**What you are asked to do:** Your copy should match the entries exactly, with the pictures left out.

[Material for the task — start]

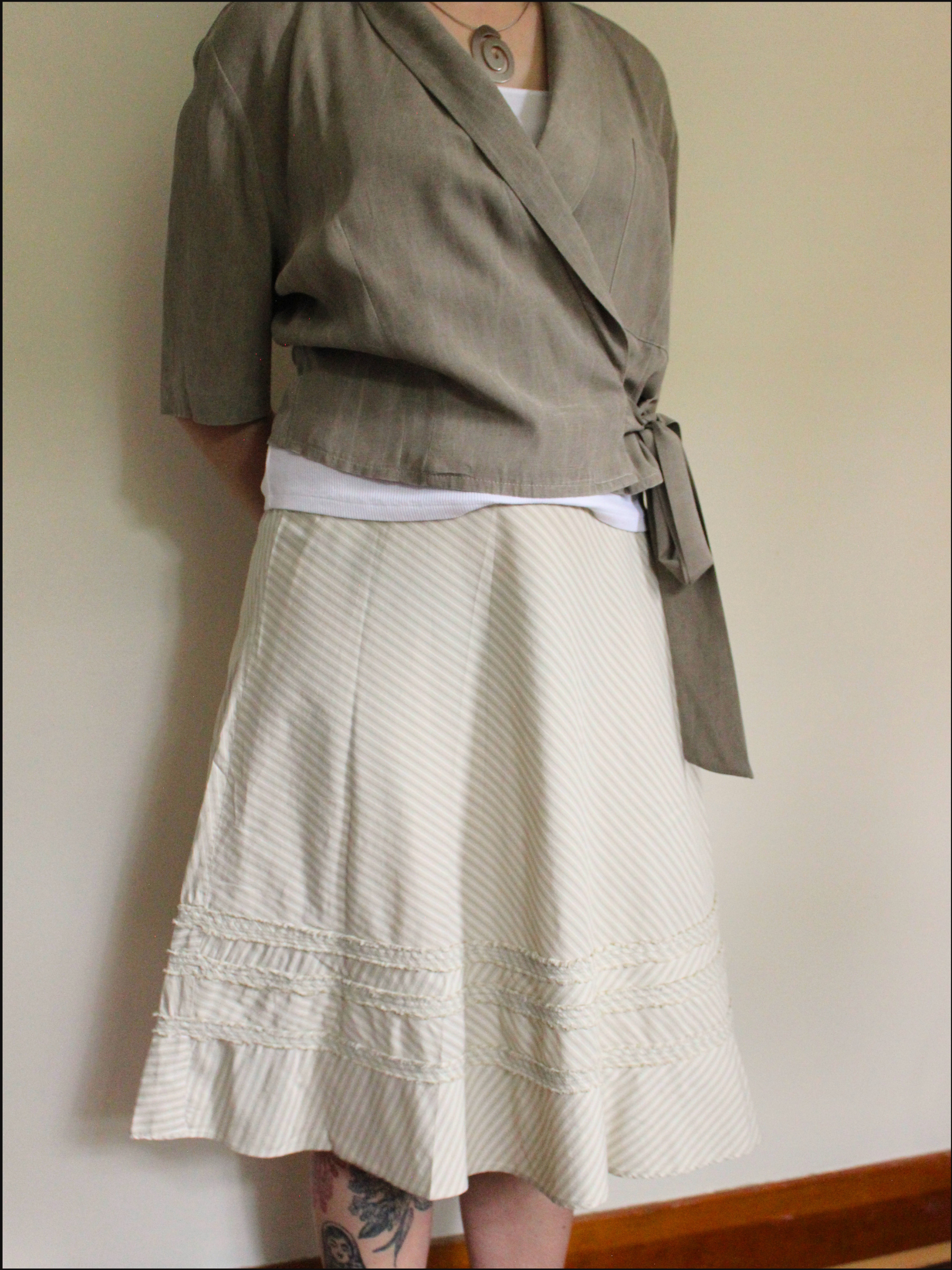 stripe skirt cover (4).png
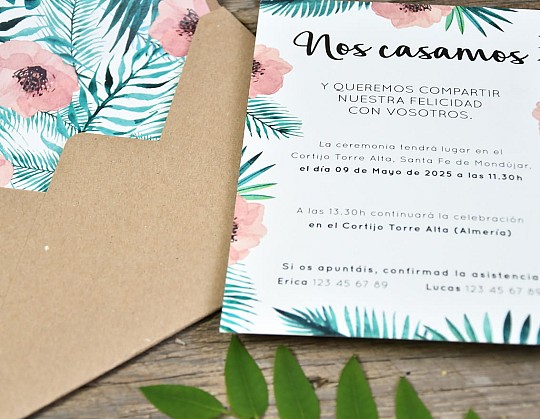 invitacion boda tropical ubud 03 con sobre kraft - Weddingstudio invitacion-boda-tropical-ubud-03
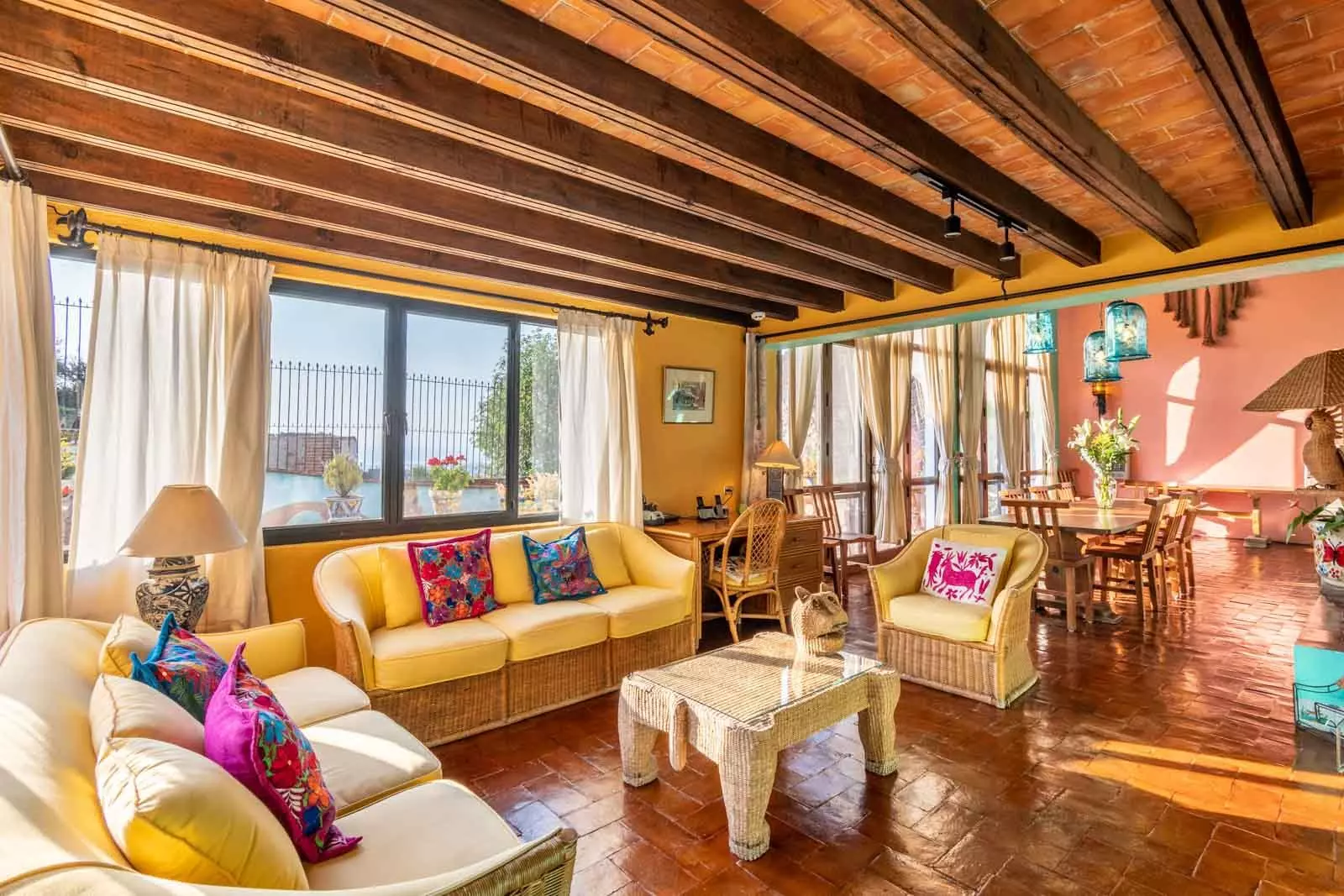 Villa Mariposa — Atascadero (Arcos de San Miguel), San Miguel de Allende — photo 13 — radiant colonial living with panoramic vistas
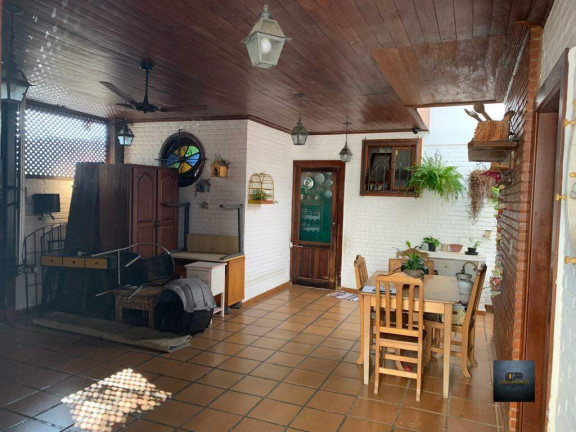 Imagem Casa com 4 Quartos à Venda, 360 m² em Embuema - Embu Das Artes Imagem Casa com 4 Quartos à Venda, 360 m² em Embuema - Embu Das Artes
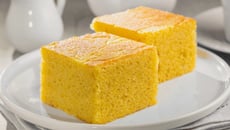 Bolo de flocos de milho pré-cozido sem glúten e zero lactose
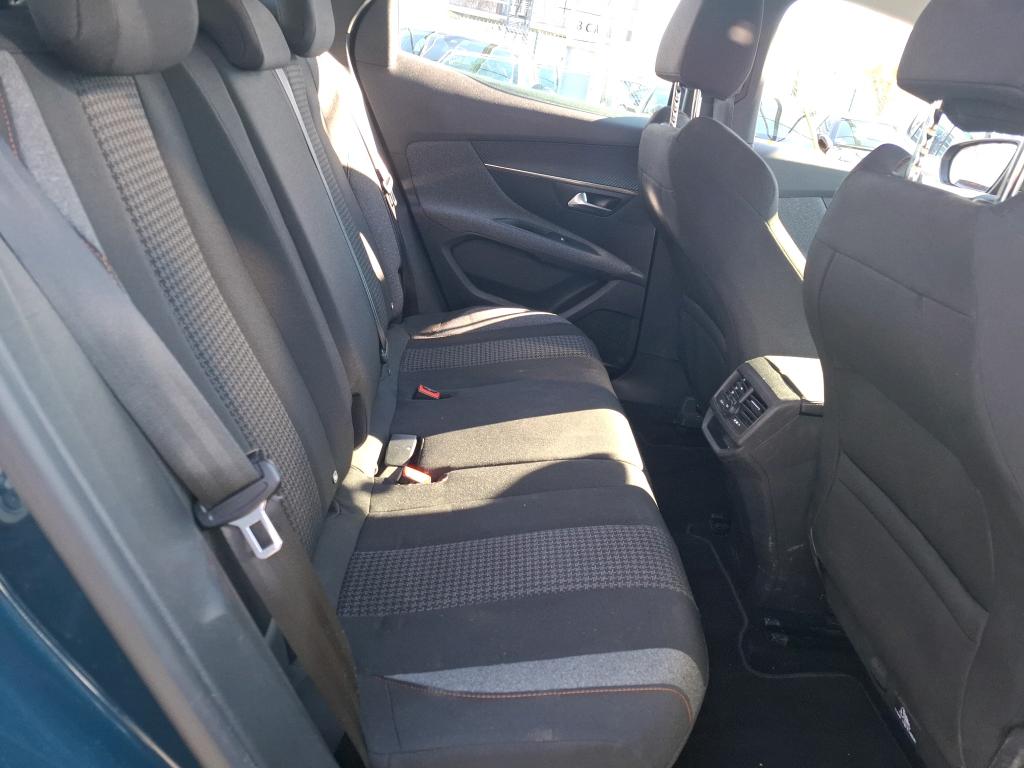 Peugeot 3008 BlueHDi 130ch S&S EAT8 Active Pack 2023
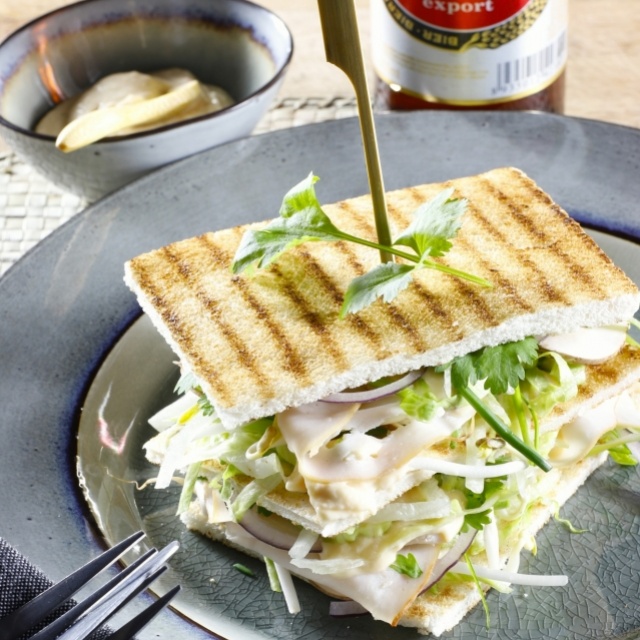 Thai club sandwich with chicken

[Material for the task — finish]

**Written reply:**
 stripe skirt cover (4).png
 invitacion boda tropical ubud 03 con sobre kraft - Weddingstudio invitacion-boda-tropical-ubud-03
 Villa Mariposa — Atascadero (Arcos de San Miguel), San Miguel de Allende — photo 13 — radiant colonial living with panoramic vistas
 Imagem Casa com 4 Quartos à Venda, 360 m² em Embuema - Embu Das Artes Imagem Casa com 4 Quartos à Venda, 360 m² em Embuema - Embu Das Artes
 Bolo de flocos de milho pré-cozido sem glúten e zero lactose
 Peugeot 3008 BlueHDi 130ch S&S EAT8 Active Pack 2023
 Thai club sandwich with chicken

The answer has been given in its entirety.